• **Scraped caption text data**
########

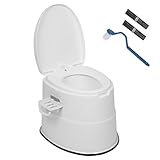 VINGLI Portable Toilet | Indoor Outdoor Commode w/Detachable Inner Bucket, Removable Paper Holder, Included Toilet Brush & Trash Bags, Lightweight Compact for Camping, Boat, Van, Emergency, White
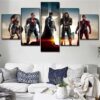 Justice League Batman Wonder Woman Comic - Dc 5 Panel Canvas Art Wall Decor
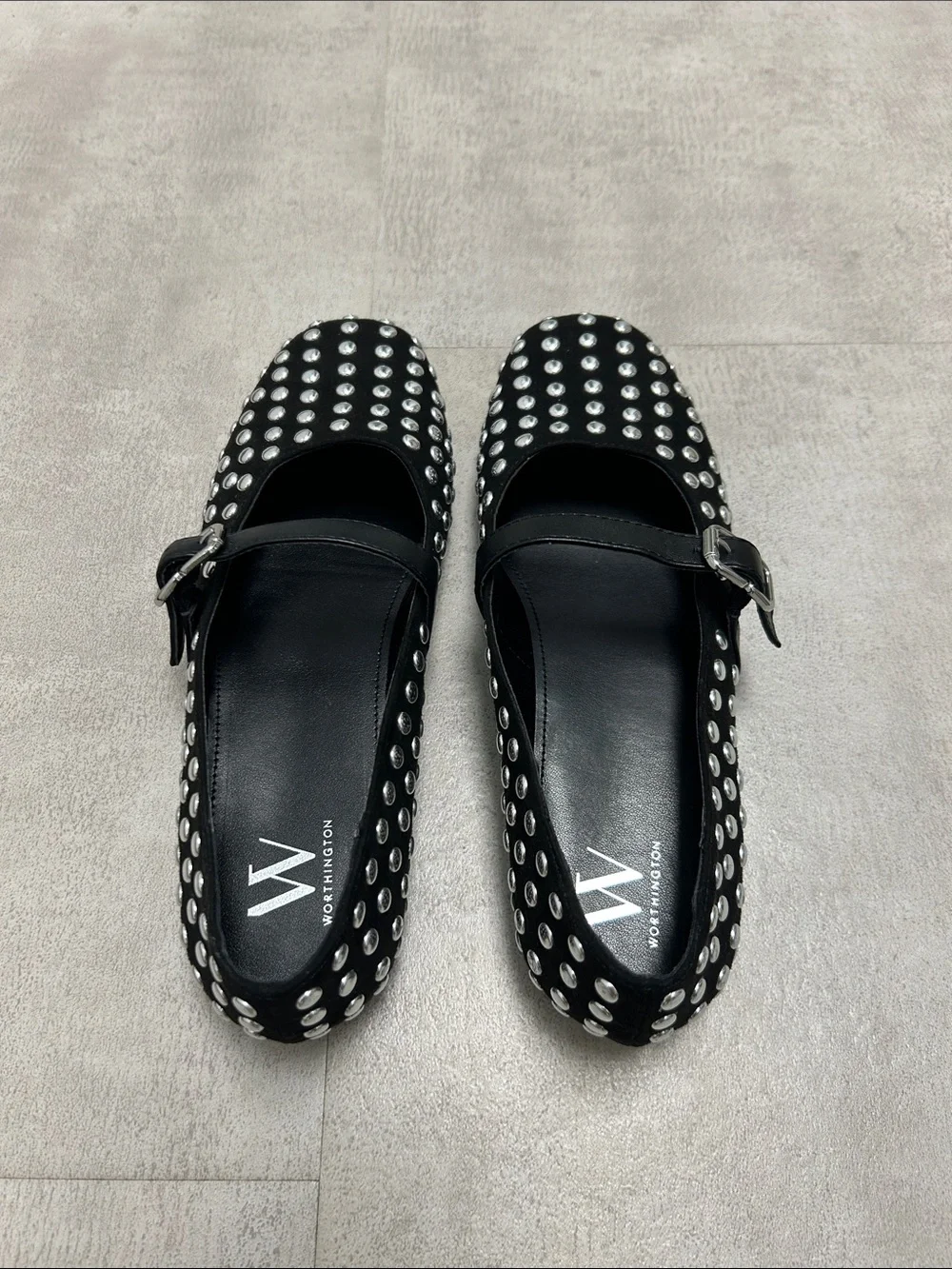 Worthington Dazie Studded Black Mary Jane Flats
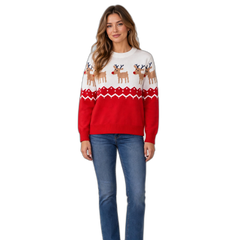 Girls' Reindeer Snowflake Christmas Ugly Sweater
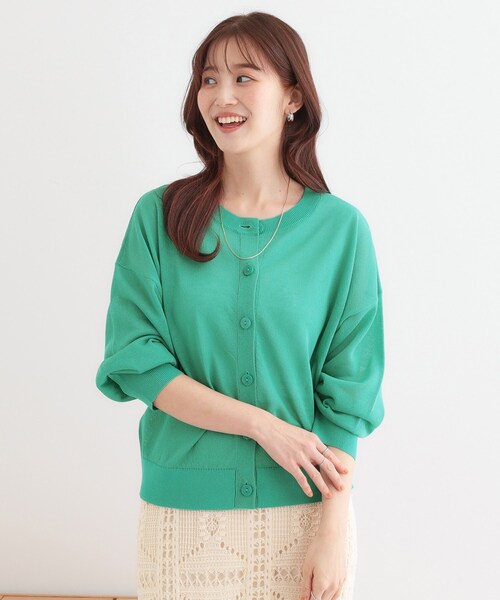 DRESKIP（ドレスキップ）の「【洗える/前後2WAY】 着こなしいろいろ 上品なシアーカーディガン（カーディガン/ボレロ・レディース・グリーン/オフホワイト/ブラック・01/02/03）」の11枚目の写真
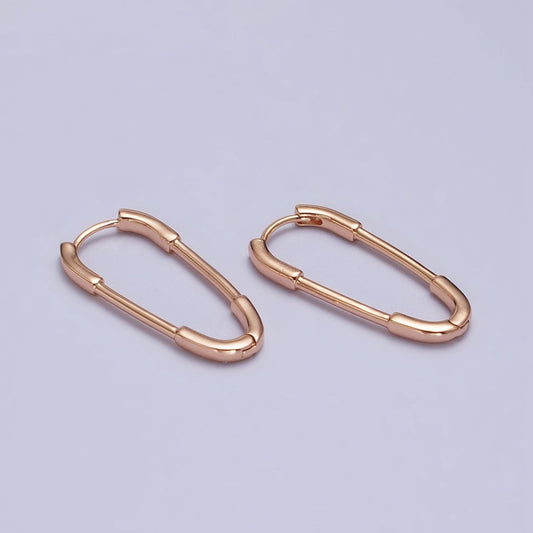 18k Gold Filled Thin Oblong Hoop Earring Oval Lever Back Earring Minimalist Jewelry AB1069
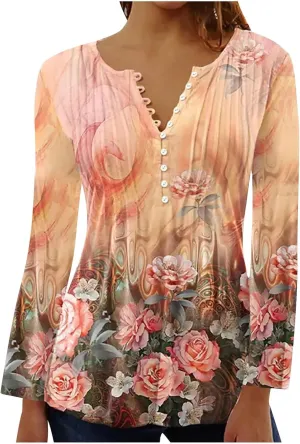 Tops for Women Dressy Casual 2024 Bohemian Floral Print Empire Waist Pleated Tunic Shirt Button Up Loose Comfy Blouse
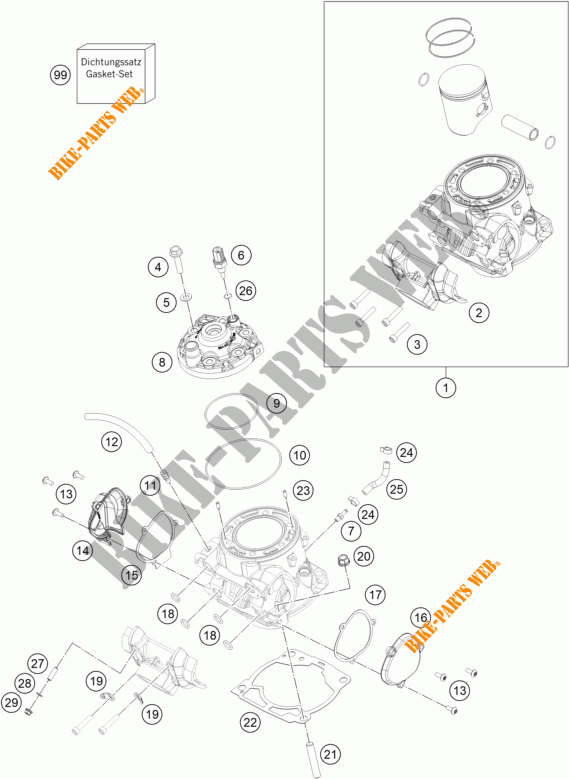 CYLINDER / HEAD for KTM 300 XC-W TPI Erzbergrodeo 2023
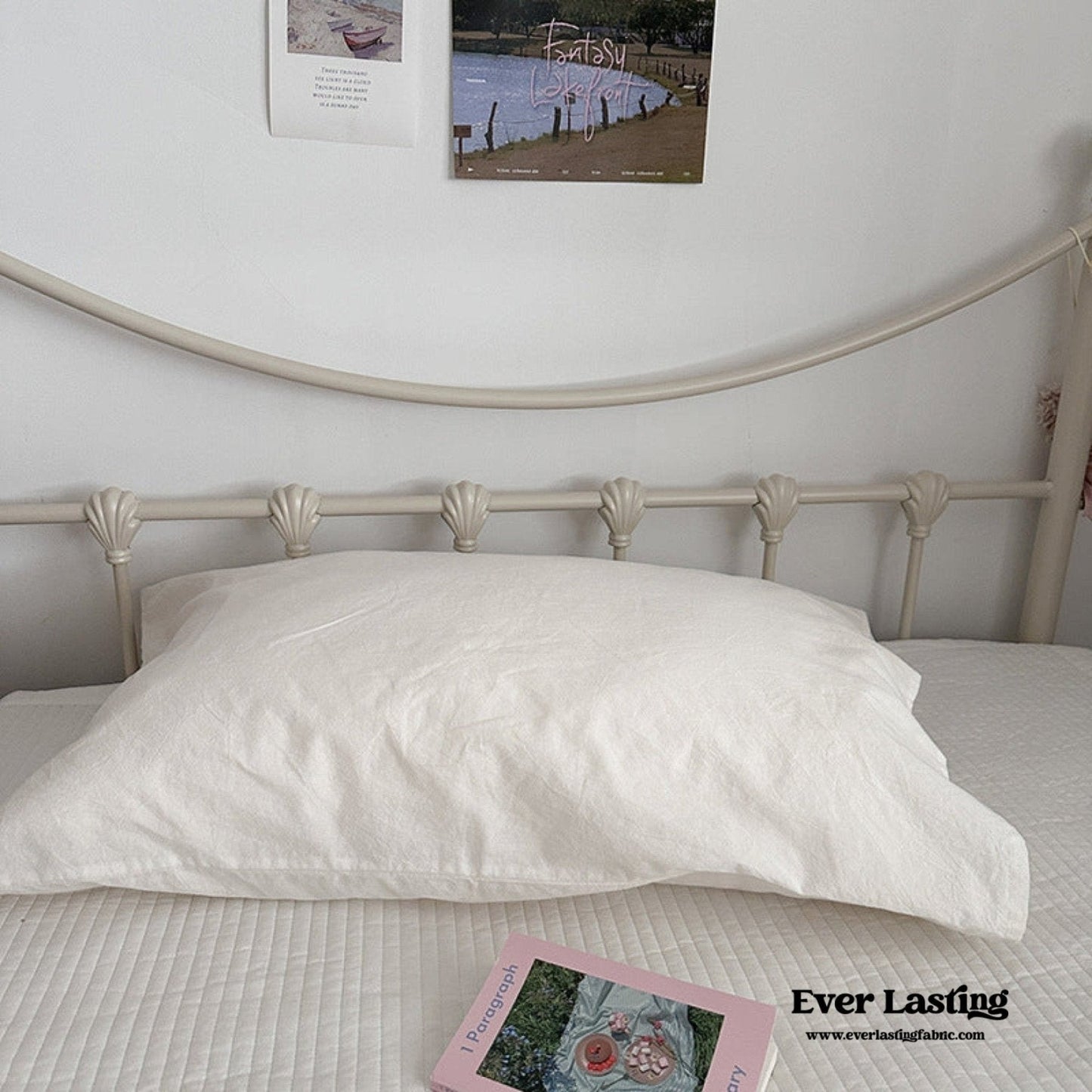 Muted Blush Cotton Pillowcase / Yellow
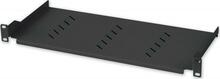 Riiul 1U 150mm TECHLY 360882, perforatsiooniga, must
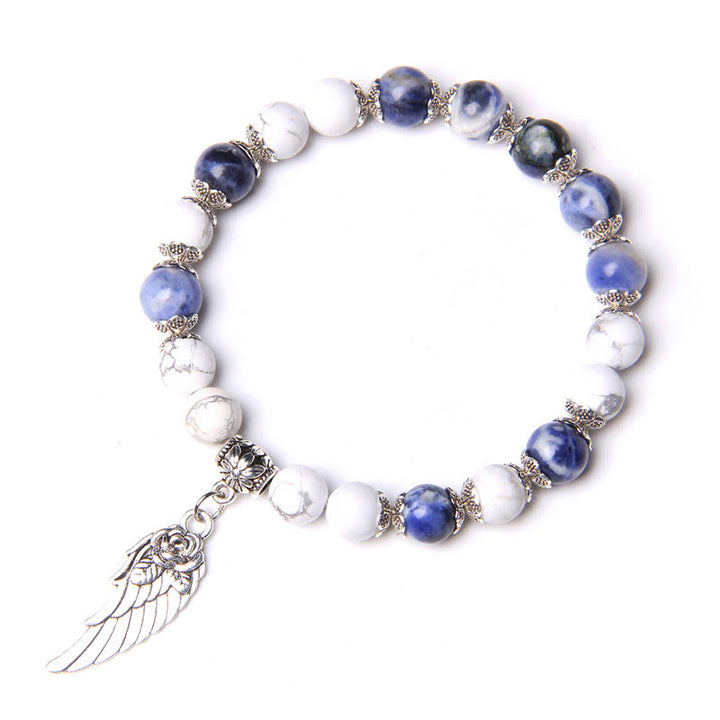 Olivenorma "Peace Energy" - Colors Crystal Agate Wing Bracelet - Blue Sodalite&White Turquoise - image 5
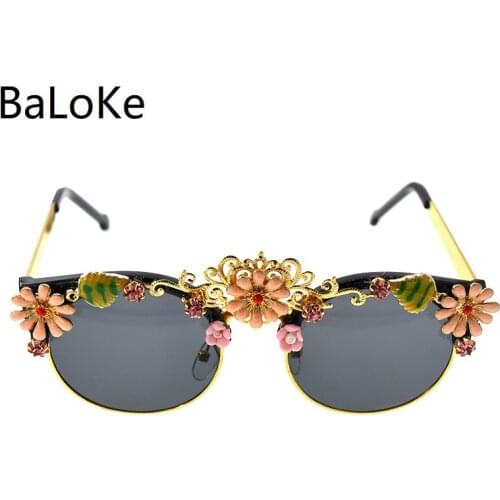 Cool Style Flower Sunglasses Women Oval Fashion Sun Glasses Sweet Female Classical Summer Beach Roses Eyewear Oculos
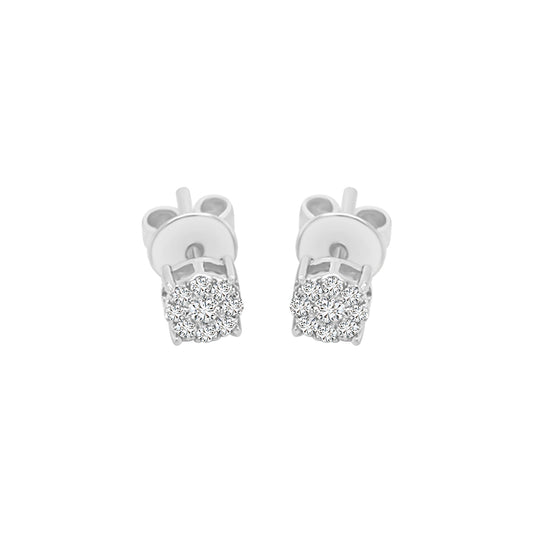 Cluster Diamond Earring Crafted In 18K White Gold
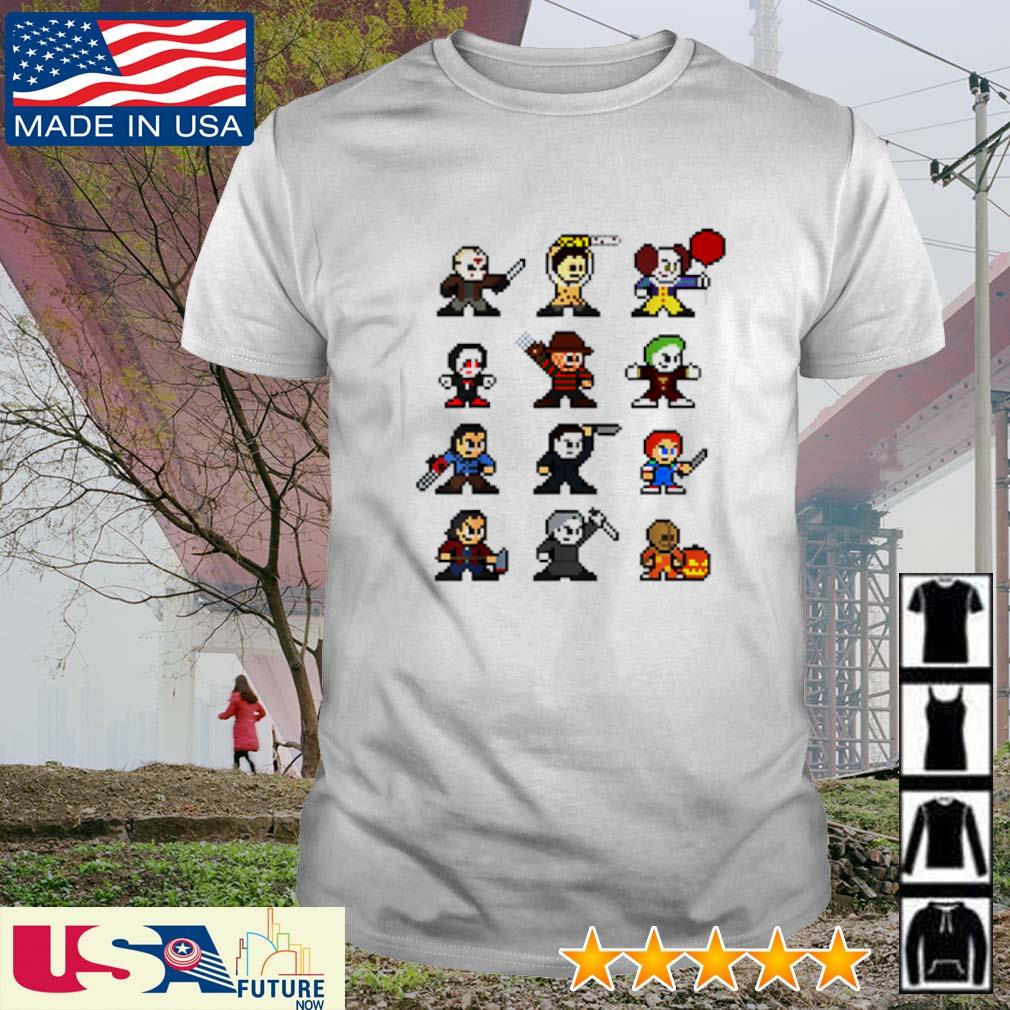 Nice pixel Halloween Scary Horror Christmas Gamer and Movies shirt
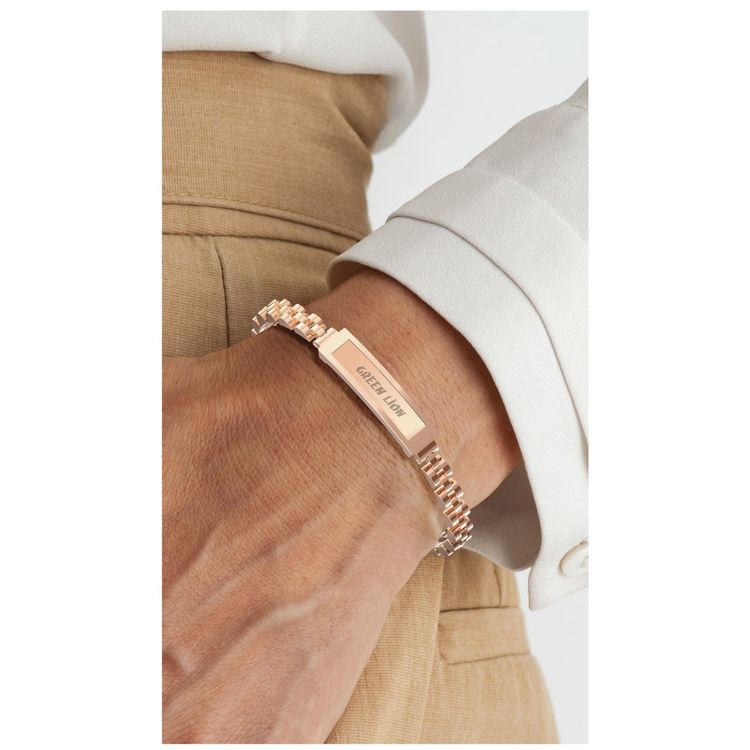 Green Lion Smart Bracelet Zinc Alloy Case with Heart Rate & Sleep Monitoring, Camera Control, 5 Days Working Time, Waterproof, 16mAh Battery Capacity, Bluetooth 5.1 - Gold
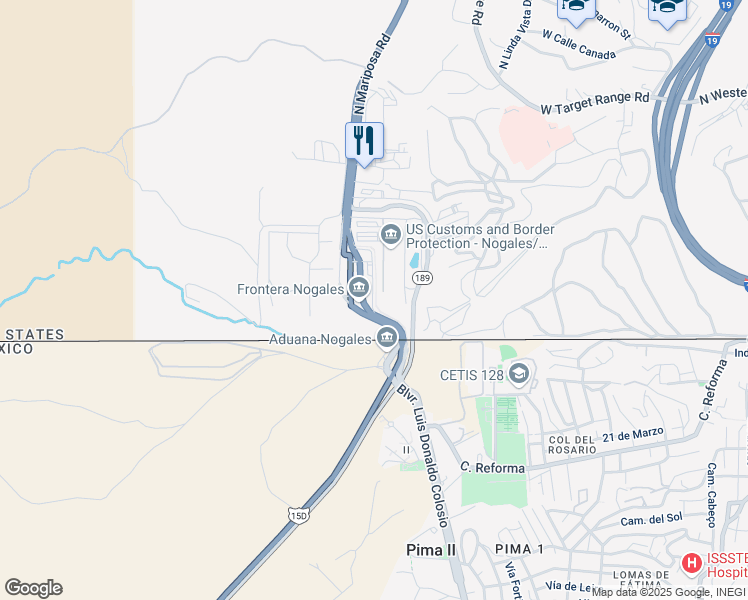 map of restaurants, bars, coffee shops, grocery stores, and more near 200 North Mariposa Road in Nogales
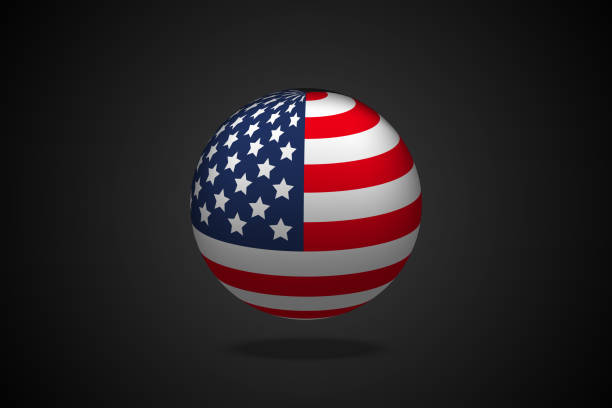 istock Flag of the United States in a round ball, Vector, Illustration. 1542810639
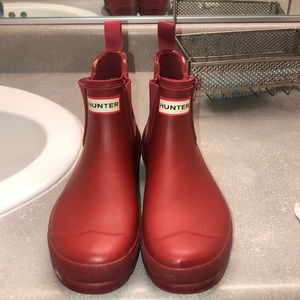 Matte Red Hunter Boots : chelsea version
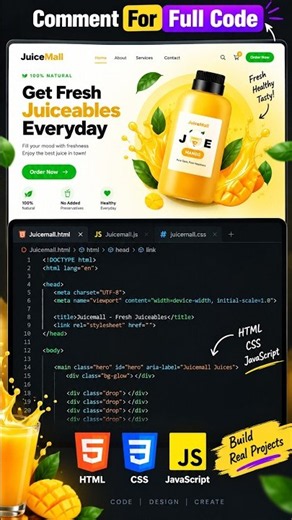I Built This Juice Website Using HTML, CSS & JavaScript! 🍹🔥 | Full Project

########

• **BRIEF**
Would you reproduce, exactly and with nothing added, every line from the beginning of the entries above through the line that contains "Nice pixel Halloween", both included, leaving out the pictures?

• **ANSWER TO THIS PROBLEM**
 VINGLI Portable Toilet | Indoor Outdoor Commode w/Detachable Inner Bucket, Removable Paper Holder, Included Toilet Brush & Trash Bags, Lightweight Compact for Camping, Boat, Van, Emergency, White
 Justice League Batman Wonder Woman Comic - Dc 5 Panel Canvas Art Wall Decor
 Worthington Dazie Studded Black Mary Jane Flats
 Girls' Reindeer Snowflake Christmas Ugly Sweater
 DRESKIP（ドレスキップ）の「【洗える/前後2WAY】 着こなしいろいろ 上品なシアーカーディガン（カーディガン/ボレロ・レディース・グリーン/オフホワイト/ブラック・01/02/03）」の11枚目の写真
 18k Gold Filled Thin Oblong Hoop Earring Oval Lever Back Earring Minimalist Jewelry AB1069
 Tops for Women Dressy Casual 2024 Bohemian Floral Print Empire Waist Pleated Tunic Shirt Button Up Loose Comfy Blouse
 CYLINDER / HEAD for KTM 300 XC-W TPI Erzbergrodeo 2023
 Muted Blush Cotton Pillowcase / Yellow
 Riiul 1U 150mm TECHLY 360882, perforatsiooniga, must
 Olivenorma "Peace Energy" - Colors Crystal Agate Wing Bracelet - Blue Sodalite&White Turquoise - image 5
 Cool Style Flower Sunglasses Women Oval Fashion Sun Glasses Sweet Female Classical Summer Beach Roses Eyewear Oculos
 Cluster Diamond Earring Crafted In 18K White Gold
 Nice pixel Halloween Scary Horror Christmas Gamer and Movies shirt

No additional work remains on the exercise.